▶ [WHAT YOU SHOULD DO] What you should give back is a precise copy of the lines below from the one containing "Скриншоты Elf Battle：The Last Defender" through the one containing "Alert new 80s", with no pictures.

▶ [THE INPUT]
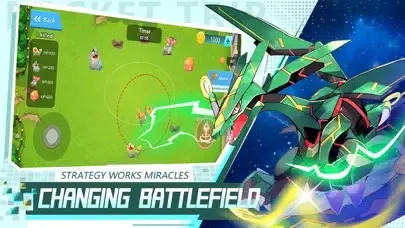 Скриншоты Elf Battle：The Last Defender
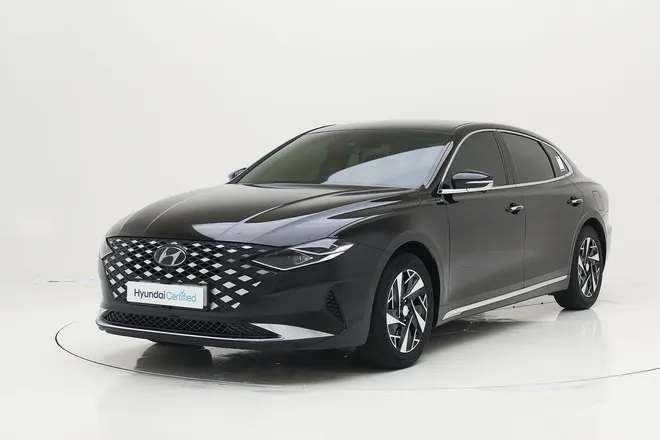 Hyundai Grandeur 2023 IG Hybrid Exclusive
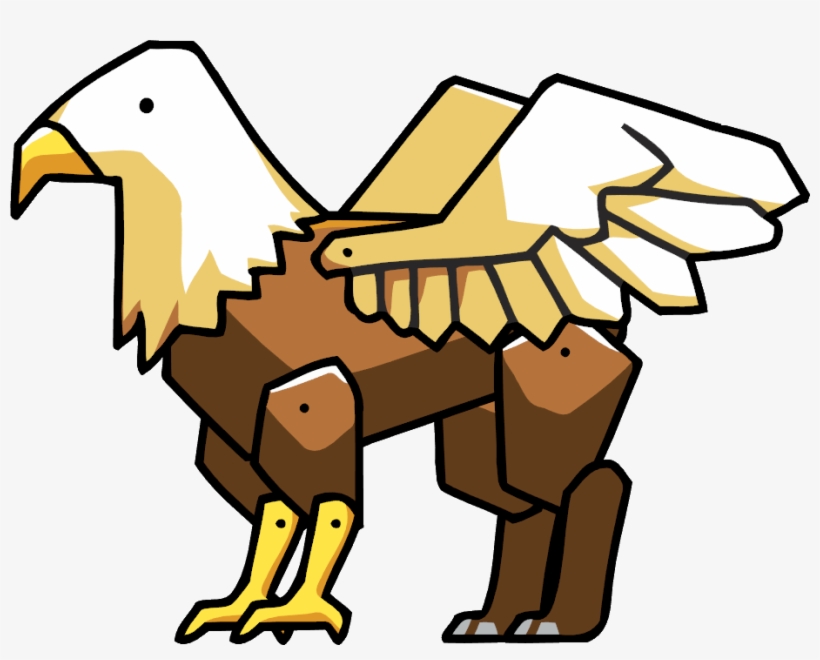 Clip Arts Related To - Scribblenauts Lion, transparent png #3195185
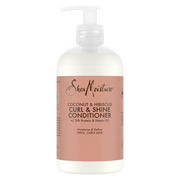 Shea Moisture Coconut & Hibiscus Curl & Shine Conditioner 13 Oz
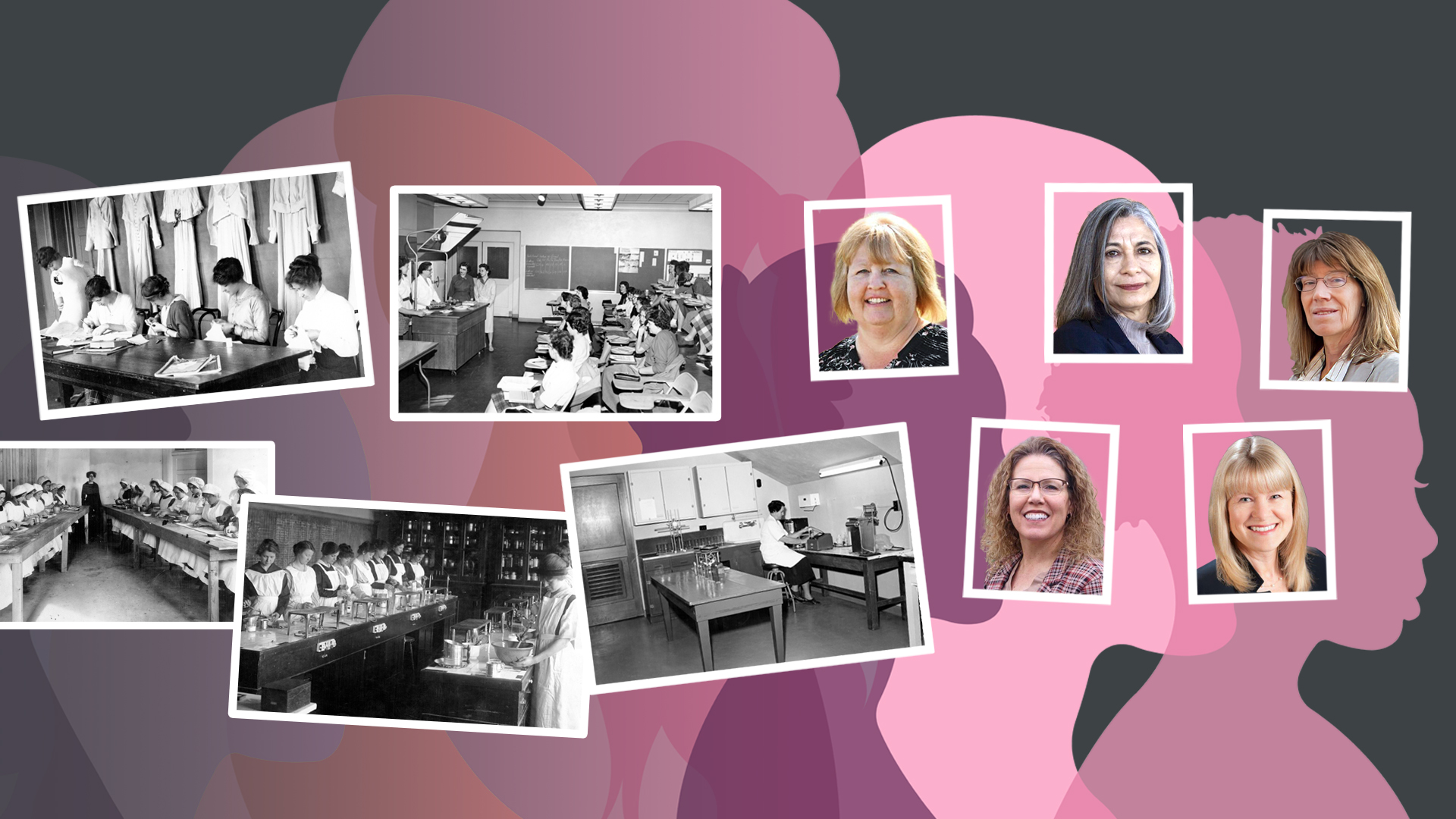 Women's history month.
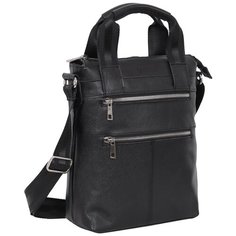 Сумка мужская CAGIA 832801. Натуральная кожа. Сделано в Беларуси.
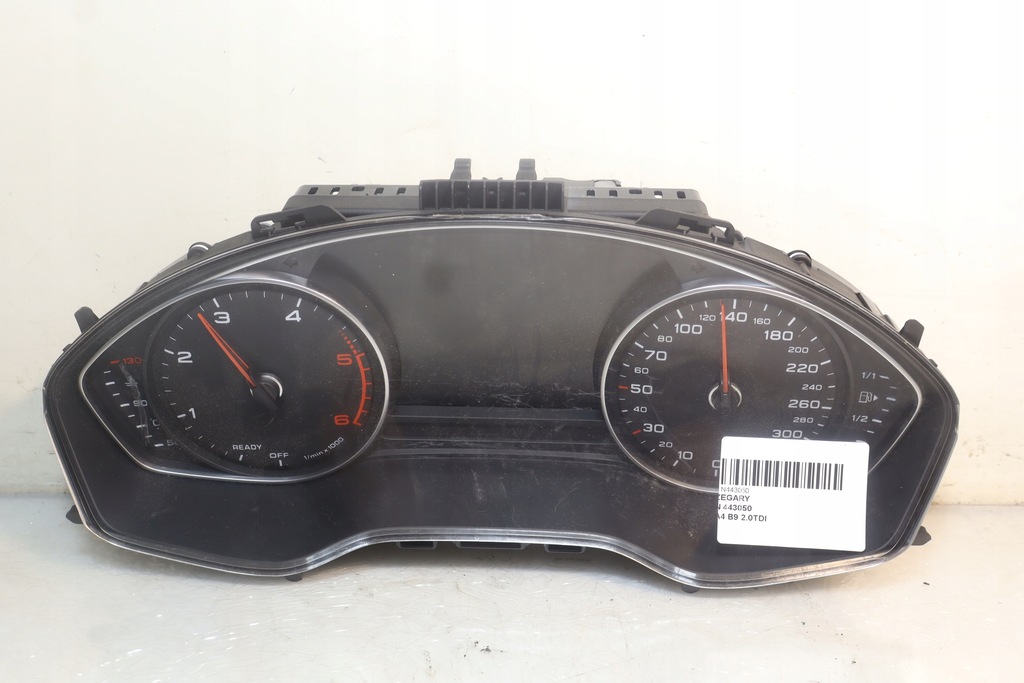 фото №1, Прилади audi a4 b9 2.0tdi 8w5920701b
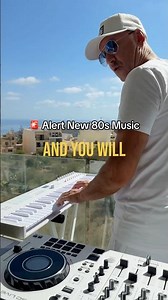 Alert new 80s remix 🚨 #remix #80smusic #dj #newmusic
* * *
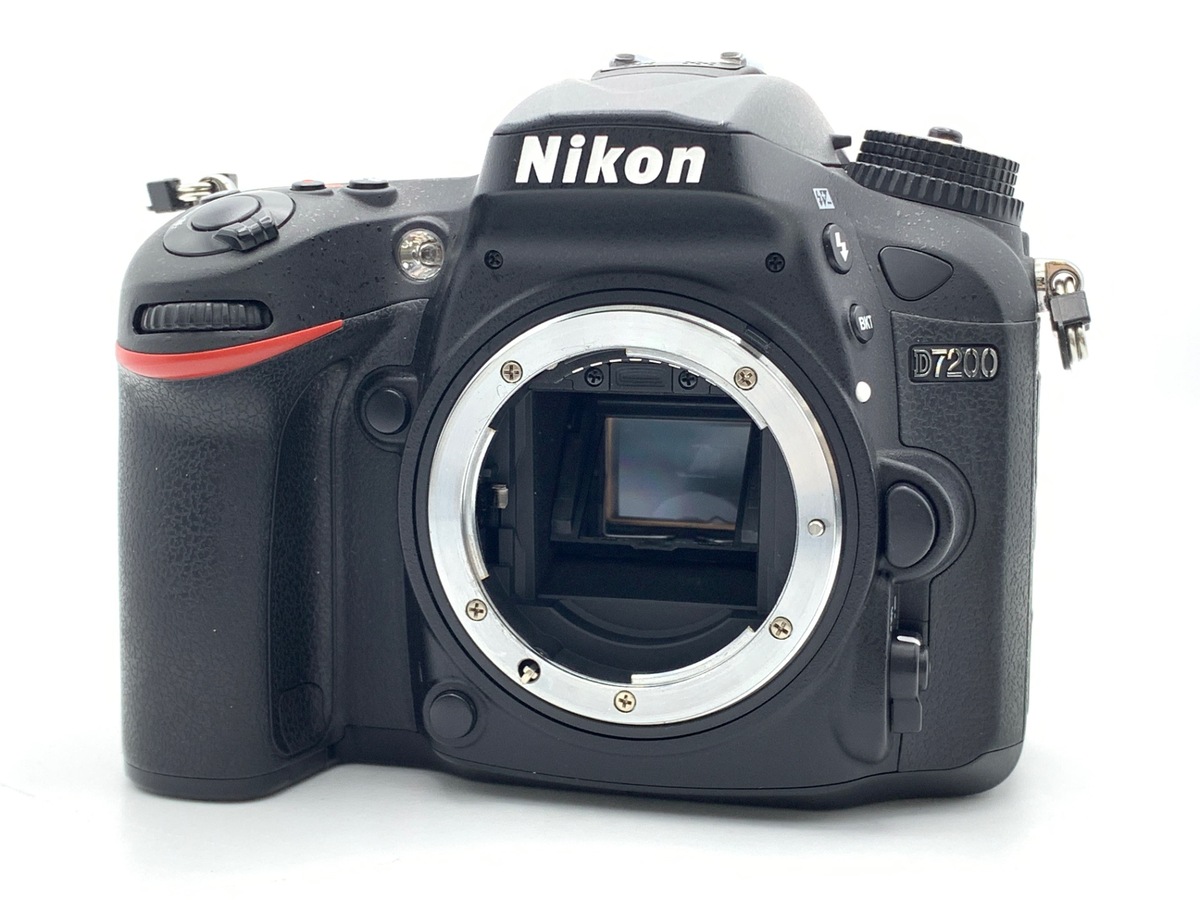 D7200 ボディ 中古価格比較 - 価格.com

▶ [EXERCISE OUTPUT]
 Скриншоты Elf Battle：The Last Defender
 Hyundai Grandeur 2023 IG Hybrid Exclusive
 Clip Arts Related To - Scribblenauts Lion, transparent png #3195185
 Shea Moisture Coconut & Hibiscus Curl & Shine Conditioner 13 Oz
 Women's history month.
 Сумка мужская CAGIA 832801. Натуральная кожа. Сделано в Беларуси.
 фото №1, Прилади audi a4 b9 2.0tdi 8w5920701b
 Alert new 80s remix 🚨 #remix #80smusic #dj #newmusic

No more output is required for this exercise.